*What you need to do*. Transcribe, word for word, the line containing "Auction sale of" and each line following it through the end of the listing below. Omit all other lines.

*Material to process*.
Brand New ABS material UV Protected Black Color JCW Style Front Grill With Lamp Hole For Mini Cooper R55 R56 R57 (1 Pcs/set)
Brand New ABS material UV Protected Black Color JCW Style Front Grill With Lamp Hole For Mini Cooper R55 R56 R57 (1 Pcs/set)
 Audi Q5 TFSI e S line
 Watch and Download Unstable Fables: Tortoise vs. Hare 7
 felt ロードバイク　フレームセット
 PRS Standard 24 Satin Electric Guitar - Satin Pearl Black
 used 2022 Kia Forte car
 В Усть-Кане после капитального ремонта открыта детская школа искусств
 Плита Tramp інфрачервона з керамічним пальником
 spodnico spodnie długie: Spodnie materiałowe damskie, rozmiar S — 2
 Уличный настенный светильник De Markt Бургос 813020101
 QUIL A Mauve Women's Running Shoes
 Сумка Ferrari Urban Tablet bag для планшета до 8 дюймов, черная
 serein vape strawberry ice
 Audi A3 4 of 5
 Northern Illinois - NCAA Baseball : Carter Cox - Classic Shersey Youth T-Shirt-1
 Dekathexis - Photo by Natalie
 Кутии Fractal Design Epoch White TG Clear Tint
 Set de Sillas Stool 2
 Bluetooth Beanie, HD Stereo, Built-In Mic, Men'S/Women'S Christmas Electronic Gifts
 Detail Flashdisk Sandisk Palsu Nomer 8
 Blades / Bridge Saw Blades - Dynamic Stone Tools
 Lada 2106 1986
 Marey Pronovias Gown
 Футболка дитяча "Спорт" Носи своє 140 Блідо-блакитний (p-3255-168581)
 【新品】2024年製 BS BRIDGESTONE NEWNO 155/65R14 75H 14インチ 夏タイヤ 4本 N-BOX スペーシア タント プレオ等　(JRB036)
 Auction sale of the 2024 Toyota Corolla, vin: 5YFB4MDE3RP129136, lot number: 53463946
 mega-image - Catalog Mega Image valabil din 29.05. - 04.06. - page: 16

*Final answer*.
 Auction sale of the 2024 Toyota Corolla, vin: 5YFB4MDE3RP129136, lot number: 53463946
 mega-image - Catalog Mega Image valabil din 29.05. - 04.06. - page: 16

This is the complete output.